For mushroom cultivation, they would need access to plant materials. This would not be a problem if they live near a forest. Even if the trees die due to not being able to photosynthesise, they would be probably well-conserved by the cold to last 50 years for a small human colony. Although they would probably need to use them for heating too.


Funny timing that I just read this question, as I just read the book "The Knowledge: How to Rebuild Civilization in the Aftermath of a Cataclysm" by Dr. Lewis Dartnell. This is a reference book, not a fiction book. In it, he is targeting a certain kind of post-apocalyptic scenario similar to yours, and he even mentions that it could be nuclear-winter-driven.

The interesting correlation here is that Lewis Dartnell speaks of a similar level of survived humans, and he proposes that the humans who are left could survive for an estimated 55 years just by raiding the pre-existing food around them, first the perishable foods then proceeding in order of ever less perishable foods.

I am not sure how Dr. Dartnell came to his estimate of 55 years of food per person in his scenario which was similar to yours, but he did contact many experts in various fields and did much research, so I would assume that he is probably correct at least to within an order of magnitude, and I will take his estimate as our baseline assumption.

I do not know if that estimate takes into account what the recently deceased people would have eaten before they died. If not, that might need to be reduced somewhat. But even if that is the case, you should be able to procure other foodstuff somewhere to augment that. Some others have suggested fishing, which should be viable for some time. Fungus will be quite happy to feast on the decaying life for a while. You can get seeds to begin growing with little or no light so that they absorb some extra nutrients from the ground, then eat them as sprouts. Using indoor grow-lamps could produce a small, supplemental amount to keep you alive with the other things. So I will stick with the 55 year estimate and suggest it could be even more.


You asked for 50 years. There is an estimated (at least) 55 years of food around you that you can use despite the nuclear winter. So yes, they should survive. They will eat mostly what is left behind from pre-apocalypse, and they will supplement it with fishing and fungus early on, later on with seeds and low-light sprouts and a few grow-lamp-fed whole plants. I suggest kale, as it is quite hardy and nutritious.


There will be enough preserved, canned food available to survive for some months, maybe years. During this time the survivors will need to get a solid supply of electricity going. Wind and water turbines will still function quite well. The survivors will need to locate themselves where there are waterfalls and height differences, and build lots of water powered turbines/dynamos. This would require quite some engineering skills to get established. It might be possible for some knowledgeable folk to use an existing hydroelectric station, or tap into some existing wind farm.

They will set up farms under electric lights. Given enough energy production I don't see why they couldn't grow a variety of crops. Hydroponics are effective, but not necessary, normal dirt will still work as normal dirt after a nuclear apocalypse.

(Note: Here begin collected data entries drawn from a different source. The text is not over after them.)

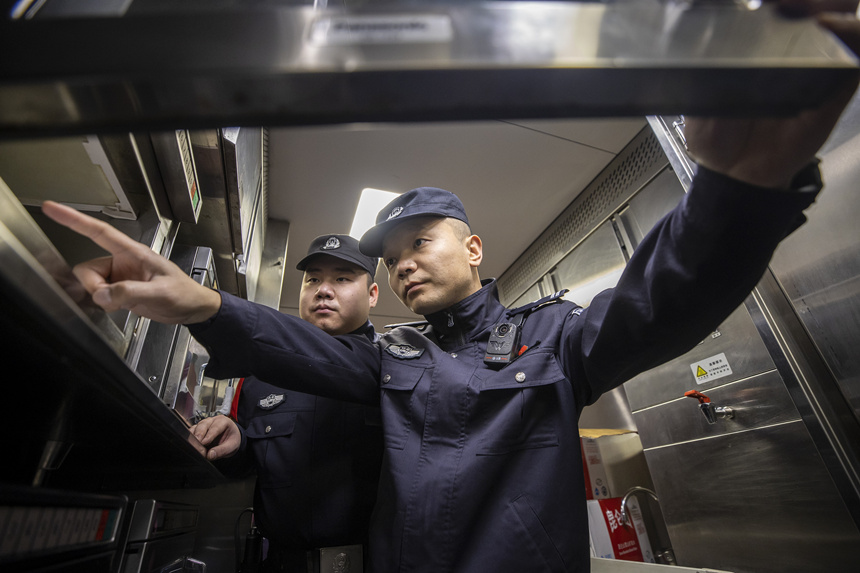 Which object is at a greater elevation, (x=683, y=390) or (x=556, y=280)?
(x=556, y=280)

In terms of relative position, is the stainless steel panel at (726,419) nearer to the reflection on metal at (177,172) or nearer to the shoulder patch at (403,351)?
the shoulder patch at (403,351)

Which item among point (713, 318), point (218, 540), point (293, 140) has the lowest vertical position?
point (218, 540)

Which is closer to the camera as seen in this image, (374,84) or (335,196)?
(374,84)

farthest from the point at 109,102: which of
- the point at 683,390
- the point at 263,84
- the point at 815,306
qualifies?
the point at 683,390

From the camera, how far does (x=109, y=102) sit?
30cm

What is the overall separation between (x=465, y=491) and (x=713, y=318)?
0.62 m

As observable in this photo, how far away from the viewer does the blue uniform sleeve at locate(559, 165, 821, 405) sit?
0.55 meters

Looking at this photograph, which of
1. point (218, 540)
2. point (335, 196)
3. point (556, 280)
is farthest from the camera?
point (556, 280)

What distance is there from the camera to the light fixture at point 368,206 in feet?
8.90

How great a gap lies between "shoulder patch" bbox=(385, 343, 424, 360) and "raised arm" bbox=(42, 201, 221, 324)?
596 mm

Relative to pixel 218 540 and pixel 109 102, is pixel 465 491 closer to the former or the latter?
pixel 109 102

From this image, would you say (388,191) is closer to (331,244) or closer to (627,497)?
(331,244)

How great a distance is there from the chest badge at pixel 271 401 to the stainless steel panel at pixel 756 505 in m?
1.65

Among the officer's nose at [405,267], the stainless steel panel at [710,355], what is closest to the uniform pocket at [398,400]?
the officer's nose at [405,267] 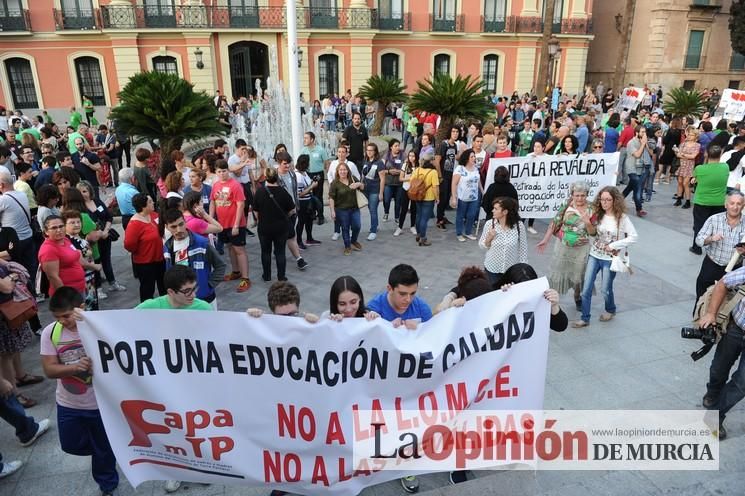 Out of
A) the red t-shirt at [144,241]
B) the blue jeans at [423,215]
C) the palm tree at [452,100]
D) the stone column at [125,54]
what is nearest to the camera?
the red t-shirt at [144,241]

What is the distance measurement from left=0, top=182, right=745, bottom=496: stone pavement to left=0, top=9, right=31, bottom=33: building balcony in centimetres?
2228

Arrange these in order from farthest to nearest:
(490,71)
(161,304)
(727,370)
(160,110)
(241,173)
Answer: (490,71) → (160,110) → (241,173) → (727,370) → (161,304)

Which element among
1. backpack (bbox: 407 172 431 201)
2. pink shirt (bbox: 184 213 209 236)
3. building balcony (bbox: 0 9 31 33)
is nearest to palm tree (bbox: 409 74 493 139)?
backpack (bbox: 407 172 431 201)

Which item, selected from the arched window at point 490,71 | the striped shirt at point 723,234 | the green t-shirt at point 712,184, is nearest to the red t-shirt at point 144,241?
the striped shirt at point 723,234

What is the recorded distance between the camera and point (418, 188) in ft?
28.1

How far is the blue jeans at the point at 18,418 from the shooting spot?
3.95m

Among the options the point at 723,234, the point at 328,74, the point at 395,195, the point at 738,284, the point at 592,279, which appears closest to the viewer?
the point at 738,284

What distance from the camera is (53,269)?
4875mm

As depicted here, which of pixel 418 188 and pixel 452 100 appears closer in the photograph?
pixel 418 188

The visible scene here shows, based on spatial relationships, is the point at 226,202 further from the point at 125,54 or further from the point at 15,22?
the point at 15,22

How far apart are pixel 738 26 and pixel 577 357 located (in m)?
34.7

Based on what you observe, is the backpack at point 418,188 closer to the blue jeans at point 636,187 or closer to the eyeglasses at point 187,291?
the blue jeans at point 636,187

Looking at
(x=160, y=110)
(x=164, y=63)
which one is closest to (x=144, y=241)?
(x=160, y=110)

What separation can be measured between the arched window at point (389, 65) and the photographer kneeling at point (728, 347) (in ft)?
88.7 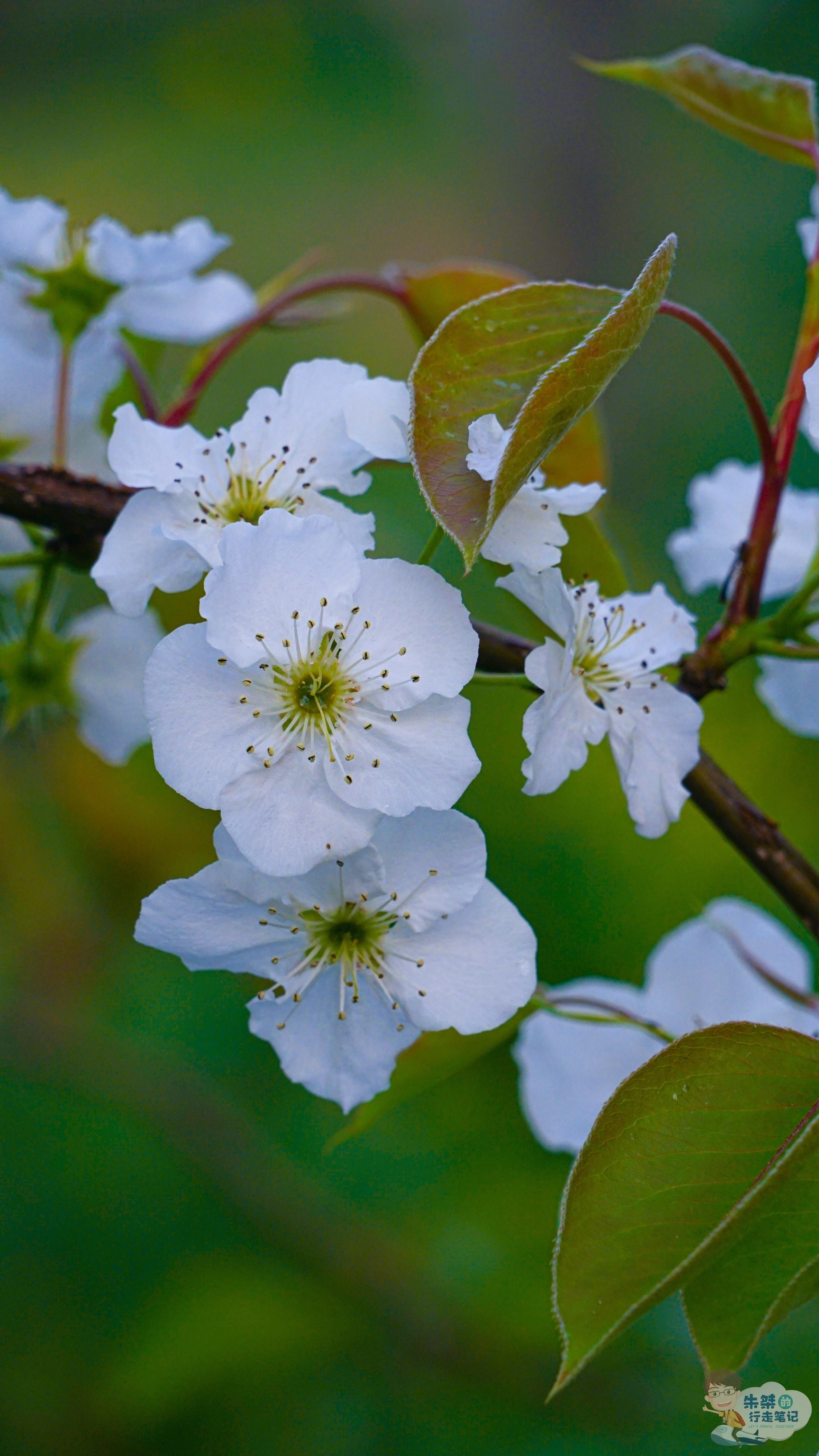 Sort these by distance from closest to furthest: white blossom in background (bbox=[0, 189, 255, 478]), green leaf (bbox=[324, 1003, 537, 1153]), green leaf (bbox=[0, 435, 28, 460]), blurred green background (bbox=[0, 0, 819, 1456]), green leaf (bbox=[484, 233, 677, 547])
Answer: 1. green leaf (bbox=[484, 233, 677, 547])
2. green leaf (bbox=[324, 1003, 537, 1153])
3. white blossom in background (bbox=[0, 189, 255, 478])
4. green leaf (bbox=[0, 435, 28, 460])
5. blurred green background (bbox=[0, 0, 819, 1456])

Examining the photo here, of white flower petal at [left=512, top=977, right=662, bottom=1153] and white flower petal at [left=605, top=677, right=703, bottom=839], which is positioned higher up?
white flower petal at [left=605, top=677, right=703, bottom=839]

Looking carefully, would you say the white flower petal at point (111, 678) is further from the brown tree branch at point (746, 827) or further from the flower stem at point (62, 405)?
the brown tree branch at point (746, 827)

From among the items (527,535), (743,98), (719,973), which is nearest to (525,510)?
(527,535)

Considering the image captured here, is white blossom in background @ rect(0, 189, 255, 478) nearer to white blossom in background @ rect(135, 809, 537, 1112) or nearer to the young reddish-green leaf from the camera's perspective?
the young reddish-green leaf

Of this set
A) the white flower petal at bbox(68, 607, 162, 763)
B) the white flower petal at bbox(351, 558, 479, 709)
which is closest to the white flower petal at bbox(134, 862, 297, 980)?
the white flower petal at bbox(351, 558, 479, 709)

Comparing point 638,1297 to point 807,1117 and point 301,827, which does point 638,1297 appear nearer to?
point 807,1117

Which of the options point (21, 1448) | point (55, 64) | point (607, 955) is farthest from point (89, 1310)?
point (55, 64) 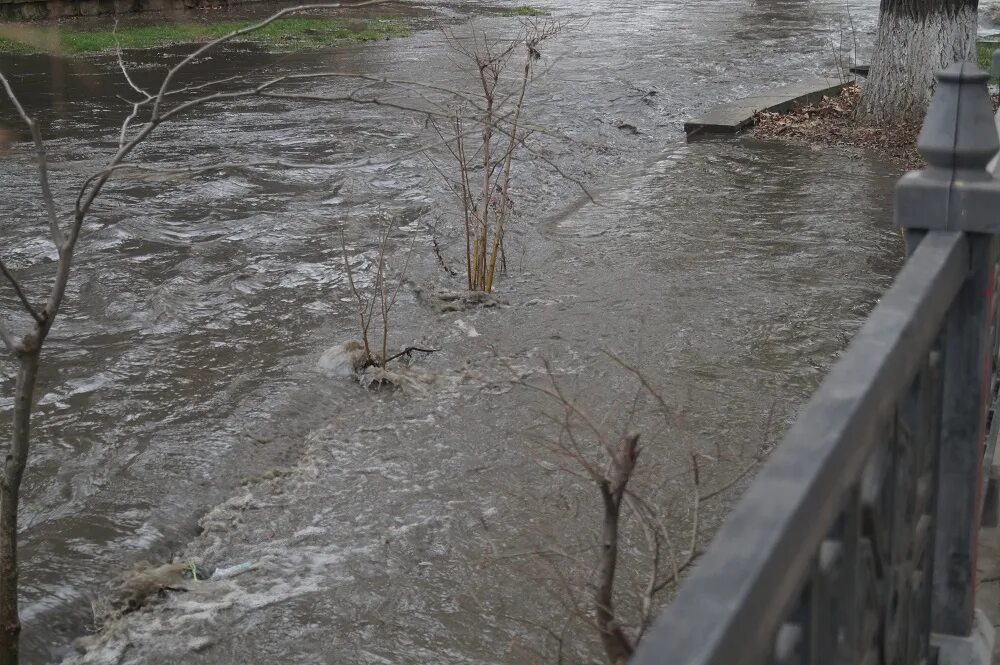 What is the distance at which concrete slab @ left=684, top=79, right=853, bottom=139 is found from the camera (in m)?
12.0

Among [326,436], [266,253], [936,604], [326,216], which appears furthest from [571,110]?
[936,604]

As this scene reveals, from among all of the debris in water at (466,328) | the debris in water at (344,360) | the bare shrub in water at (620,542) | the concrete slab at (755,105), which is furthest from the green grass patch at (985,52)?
the bare shrub in water at (620,542)

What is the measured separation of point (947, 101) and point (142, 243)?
7.14 m

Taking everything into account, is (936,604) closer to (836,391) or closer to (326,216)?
(836,391)

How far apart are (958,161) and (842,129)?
9.81 metres

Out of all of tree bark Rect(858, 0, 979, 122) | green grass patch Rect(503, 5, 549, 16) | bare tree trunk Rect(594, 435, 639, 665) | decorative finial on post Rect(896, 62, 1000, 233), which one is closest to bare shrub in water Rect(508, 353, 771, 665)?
bare tree trunk Rect(594, 435, 639, 665)

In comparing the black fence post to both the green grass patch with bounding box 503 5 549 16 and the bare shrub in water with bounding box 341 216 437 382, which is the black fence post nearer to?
the bare shrub in water with bounding box 341 216 437 382

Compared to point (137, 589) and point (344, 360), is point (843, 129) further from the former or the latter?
point (137, 589)

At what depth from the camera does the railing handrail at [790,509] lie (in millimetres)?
1169

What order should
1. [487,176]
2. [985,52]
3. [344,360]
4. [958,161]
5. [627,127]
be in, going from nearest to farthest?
1. [958,161]
2. [344,360]
3. [487,176]
4. [627,127]
5. [985,52]

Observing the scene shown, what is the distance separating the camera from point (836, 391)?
1668 millimetres

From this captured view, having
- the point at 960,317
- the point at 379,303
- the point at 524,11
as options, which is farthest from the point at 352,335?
the point at 524,11

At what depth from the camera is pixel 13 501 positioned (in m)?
3.61

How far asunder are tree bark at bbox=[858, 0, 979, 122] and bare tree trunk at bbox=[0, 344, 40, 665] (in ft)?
30.1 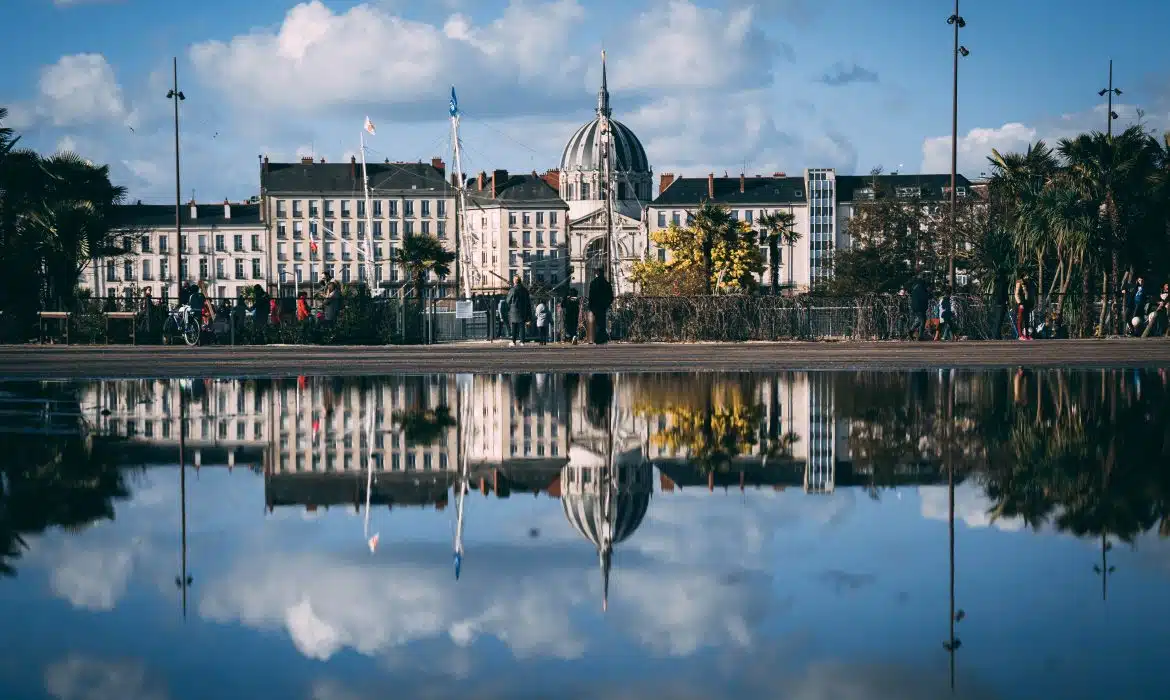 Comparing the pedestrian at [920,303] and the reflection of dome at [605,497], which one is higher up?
the pedestrian at [920,303]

The farms might be planted as normal, outdoors, but would require a scaffolding or rig structure around them to hold the lights. There is a risk of radioactive contamination from the environment, so it might be better to scrape an inch or two of the topsoil off before beginning a farm. Rndioactive dust would probably blow in eventually though. Might not be too bad, survivors will have to take chances.

Radioactive contamination could greatly be reduced by building farms underground, maybe in a subway tunnel, but the temperature would be an issue preventing many crops from thriving. Should be ok for mushrooms and bug farms though.